L'utilizzo dei terreni agricoli è in rapida trasformazione, riflettendo cambiamenti strutturali nel tessuto produttivo e nelle priorità degli investitori. Oggi, accanto all'impiego tradizionale a fini agricoli, emergono nuove destinazioni d'uso:

  • Energia rinnovabile: biogas e agrivoltaico sono trainanti, soprattutto nelle aree dove il valore produttivo agricolo è medio-basso. Queste attività portano investimenti e innalzano le quotazioni, generando attrattiva verso porzioni di territorio finora trascurate.
  • Enoturismo ed agricoltura specialistica: nei distretti del vino o della frutticoltura d'eccellenza, la commistione tra produzione primaria e accoglienza turistica moltiplica il valore aggiunto dei terreni.
  • Terreni incolti: restano 1,5 milioni di ettari inutilizzati, soprattutto nelle zone interne e montane, a causa dell'abbandono generazionale e delle difficoltà legate alla frammentazione fondiaria.
Nel Nord prevalgono le superfici irrigue dedicate a colture industriali o di pregio, mentre nel Sud e nelle Isole si concentrano le aree a margine, spesso soggette a spopolamento e prive di investimenti strutturali. L'incremento del ricorso ai contratti di affitto rappresenta una risposta dinamica sia alla scarsità di superfici disponibili sia alle difficoltà di accesso alla proprietà, specie per i giovani imprenditori.

L'agricoltura italiana si confronta così con una doppia realtà: da un lato territori ad altissimo valore e grande intensità produttiva, dall'altro estese aree in via di abbandono, con rischi ambientali e perdita di patrimonio paesaggistico e produttivo.

Una delle problematiche più rilevanti è rappresentata dalla difficoltà di accesso ai terreni per i giovani. L'età media degli agricoltori italiani, una delle più elevate d'Europa, limita il ricambio generazionale e rallenta l'introduzione di innovazioni necessarie alla competitività del comparto. Il Rapporto Crea sottolinea come sia necessario rimuovere gli ostacoli alla riorganizzazione fondiaria, favorendo investimenti e sostenendo la crescita di aziende agricole innovative.

La crescita degli affitti è un'altra risposta alle dinamiche dei prezzi: con valori scollegati dal rendimento agricolo, molti operatori scelgono la locazione invece dell'acquisto, aumentando la flessibilità ma anche l'incertezza per chi coltiva.

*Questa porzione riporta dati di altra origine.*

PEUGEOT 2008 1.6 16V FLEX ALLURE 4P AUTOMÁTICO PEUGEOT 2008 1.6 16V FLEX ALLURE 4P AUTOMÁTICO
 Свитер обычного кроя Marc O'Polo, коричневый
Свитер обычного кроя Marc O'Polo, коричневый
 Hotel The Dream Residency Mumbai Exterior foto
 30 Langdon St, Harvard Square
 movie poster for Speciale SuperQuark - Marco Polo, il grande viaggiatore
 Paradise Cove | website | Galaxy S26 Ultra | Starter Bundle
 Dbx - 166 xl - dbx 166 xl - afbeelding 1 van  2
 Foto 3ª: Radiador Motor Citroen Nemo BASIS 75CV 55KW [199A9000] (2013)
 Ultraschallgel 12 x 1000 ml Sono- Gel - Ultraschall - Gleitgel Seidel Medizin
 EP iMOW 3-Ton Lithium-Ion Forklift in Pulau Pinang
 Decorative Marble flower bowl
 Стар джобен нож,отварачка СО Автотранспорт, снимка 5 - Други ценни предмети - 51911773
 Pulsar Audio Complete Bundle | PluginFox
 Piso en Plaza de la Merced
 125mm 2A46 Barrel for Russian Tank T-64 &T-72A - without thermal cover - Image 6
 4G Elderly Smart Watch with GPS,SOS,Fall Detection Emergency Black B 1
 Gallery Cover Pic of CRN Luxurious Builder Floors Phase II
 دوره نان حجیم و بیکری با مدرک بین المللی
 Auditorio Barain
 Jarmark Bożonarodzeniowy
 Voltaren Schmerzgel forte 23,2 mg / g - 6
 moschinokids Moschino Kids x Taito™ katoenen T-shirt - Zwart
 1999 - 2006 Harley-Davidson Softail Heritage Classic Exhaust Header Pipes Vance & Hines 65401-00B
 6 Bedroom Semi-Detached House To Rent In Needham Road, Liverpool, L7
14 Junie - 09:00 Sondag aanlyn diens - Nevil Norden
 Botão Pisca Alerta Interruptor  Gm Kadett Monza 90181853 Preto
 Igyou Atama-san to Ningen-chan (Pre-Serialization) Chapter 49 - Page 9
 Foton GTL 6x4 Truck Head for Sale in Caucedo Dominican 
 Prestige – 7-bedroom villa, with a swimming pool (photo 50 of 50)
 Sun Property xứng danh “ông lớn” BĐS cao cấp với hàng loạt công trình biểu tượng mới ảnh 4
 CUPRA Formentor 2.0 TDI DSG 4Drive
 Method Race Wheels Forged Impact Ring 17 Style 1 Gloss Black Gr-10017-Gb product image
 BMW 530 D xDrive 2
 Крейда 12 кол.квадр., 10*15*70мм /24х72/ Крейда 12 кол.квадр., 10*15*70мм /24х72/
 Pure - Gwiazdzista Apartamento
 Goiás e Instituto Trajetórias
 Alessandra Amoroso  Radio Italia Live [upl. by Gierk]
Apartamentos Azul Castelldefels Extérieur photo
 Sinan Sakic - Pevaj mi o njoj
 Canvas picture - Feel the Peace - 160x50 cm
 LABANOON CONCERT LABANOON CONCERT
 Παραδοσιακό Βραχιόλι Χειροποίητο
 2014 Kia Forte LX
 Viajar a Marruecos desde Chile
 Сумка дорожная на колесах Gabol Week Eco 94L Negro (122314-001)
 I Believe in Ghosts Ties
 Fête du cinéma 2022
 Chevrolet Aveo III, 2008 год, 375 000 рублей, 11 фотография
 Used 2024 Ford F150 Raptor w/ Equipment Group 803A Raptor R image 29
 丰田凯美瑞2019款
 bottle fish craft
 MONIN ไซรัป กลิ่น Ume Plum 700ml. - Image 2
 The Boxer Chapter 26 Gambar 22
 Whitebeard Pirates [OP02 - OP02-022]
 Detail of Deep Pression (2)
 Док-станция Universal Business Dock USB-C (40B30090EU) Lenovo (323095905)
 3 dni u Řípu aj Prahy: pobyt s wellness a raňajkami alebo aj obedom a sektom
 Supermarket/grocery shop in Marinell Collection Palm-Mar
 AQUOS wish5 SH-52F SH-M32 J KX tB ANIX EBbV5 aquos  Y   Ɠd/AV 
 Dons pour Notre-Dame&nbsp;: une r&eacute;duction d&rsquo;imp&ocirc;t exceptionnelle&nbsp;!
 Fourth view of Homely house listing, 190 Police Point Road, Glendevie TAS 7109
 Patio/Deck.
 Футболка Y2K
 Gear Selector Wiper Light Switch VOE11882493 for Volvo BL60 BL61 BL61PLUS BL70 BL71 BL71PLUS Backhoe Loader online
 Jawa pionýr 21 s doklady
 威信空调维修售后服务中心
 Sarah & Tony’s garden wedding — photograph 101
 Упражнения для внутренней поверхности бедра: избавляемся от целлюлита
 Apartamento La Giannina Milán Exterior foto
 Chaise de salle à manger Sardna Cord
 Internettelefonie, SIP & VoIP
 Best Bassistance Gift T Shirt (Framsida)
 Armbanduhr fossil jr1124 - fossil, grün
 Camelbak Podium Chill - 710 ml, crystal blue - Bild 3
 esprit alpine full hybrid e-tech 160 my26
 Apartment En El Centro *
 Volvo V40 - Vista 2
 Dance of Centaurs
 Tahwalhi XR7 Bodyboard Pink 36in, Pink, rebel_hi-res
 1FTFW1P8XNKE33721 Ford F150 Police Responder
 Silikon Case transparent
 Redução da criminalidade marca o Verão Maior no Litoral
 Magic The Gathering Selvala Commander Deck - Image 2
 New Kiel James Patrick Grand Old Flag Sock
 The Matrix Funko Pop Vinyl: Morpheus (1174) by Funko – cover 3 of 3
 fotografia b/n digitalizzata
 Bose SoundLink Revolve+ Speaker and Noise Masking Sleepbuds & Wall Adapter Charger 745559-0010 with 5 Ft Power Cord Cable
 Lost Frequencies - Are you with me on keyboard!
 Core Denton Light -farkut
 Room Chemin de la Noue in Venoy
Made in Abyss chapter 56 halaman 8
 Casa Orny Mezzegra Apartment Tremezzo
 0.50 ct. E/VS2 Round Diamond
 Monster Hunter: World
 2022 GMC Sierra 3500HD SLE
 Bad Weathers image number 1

Le politiche UE e l'auspicio per una maggiore attenzione al monitoraggio del mercato fondiario (come richiesto dalla Commissione con la proposta di un osservatorio europeo) sono chiamati a giocare un ruolo strategico. Sostenere il ricambio generazionale e migliorare la trasparenza delle quotazioni attraverso sistemi innovativi basati su big data e intelligenza artificiale appaiono soluzioni praticabili per la sostenibilità di lungo periodo.

L'ambizione, sottolineata dagli esperti, è quella di costituire un sistema agroalimentare più competitivo e resiliente, capace di accompagnare le trasformazioni del settore senza perdere redditività e tutela della terra come bene comune.

Fattori di rischio e prospettive del mercato fondiario

L'orizzonte del mercato fondiario appare improntato a moderata fiducia, ma non privo di rischi. Centrali rimangono l'impatto del cambiamento climatico e il possibile ridimensionamento delle risorse comunitarie destinate al settore. L'ascesa degli investimenti extra-agricoli rischia inoltre di alterare la funzione produttiva e sociale della terra in alcune zone strategiche. Tra le criticità emergono:

  • Volatilità dei mercati e distacco tra valori di mercato e redditività agricola
  • Polarizzazione del valore territoriale
  • Persistenza di un ampio patrimonio incolto, che rallenta innovazione e sostenibilità
  • Sfide di governance rispetto alle nuove politiche UE e alla necessità di strumenti trasparenti di monitoraggio
Il settore mantiene attrattività per la sua sicurezza e la capacità di resistere alle turbolenze economiche, ma dovrà affrontare un contesto in rapida evoluzione. Le future strategie richiederanno equilibrio tra redditività, sostenibilità e tutela del territorio.